## [Exercise objective]
Pictures stay out of the copy; output exactly the lines from the one containing "Hog Roast Glastonbury" through the end of the material.

** Dataset content follows **

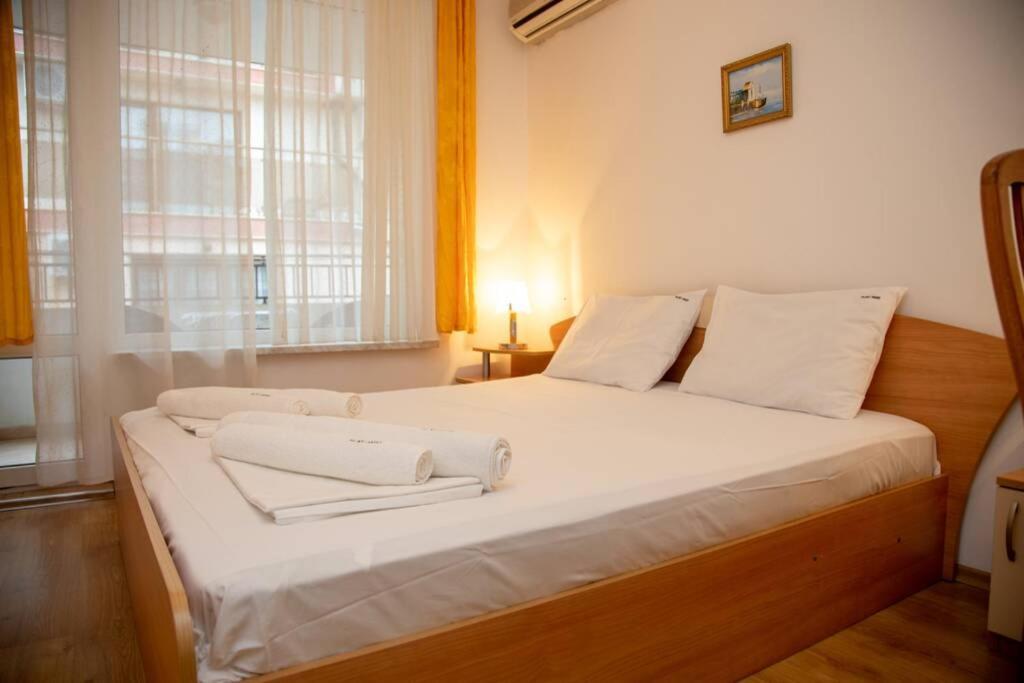 Convenient 1-Bedroom Flat Next To Harmanite Beach Σωζόπολη Εξωτερικό φωτογραφία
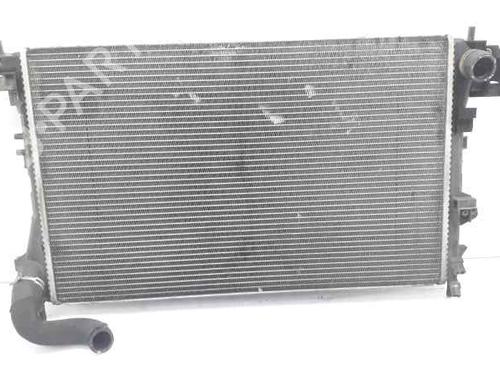 Used Water radiator SAAB 9-3 (YS3D) 2.2 TiD (125 hp) 4357819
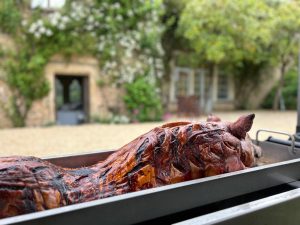 Hog Roast Glastonbury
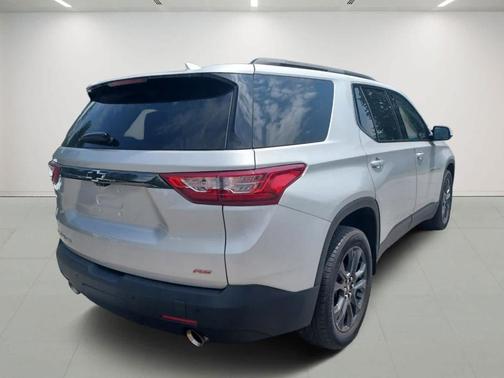 2020 Chevrolet Traverse RS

** End of Dataset content **

## [Output of the exercise]
 Hog Roast Glastonbury
 2020 Chevrolet Traverse RS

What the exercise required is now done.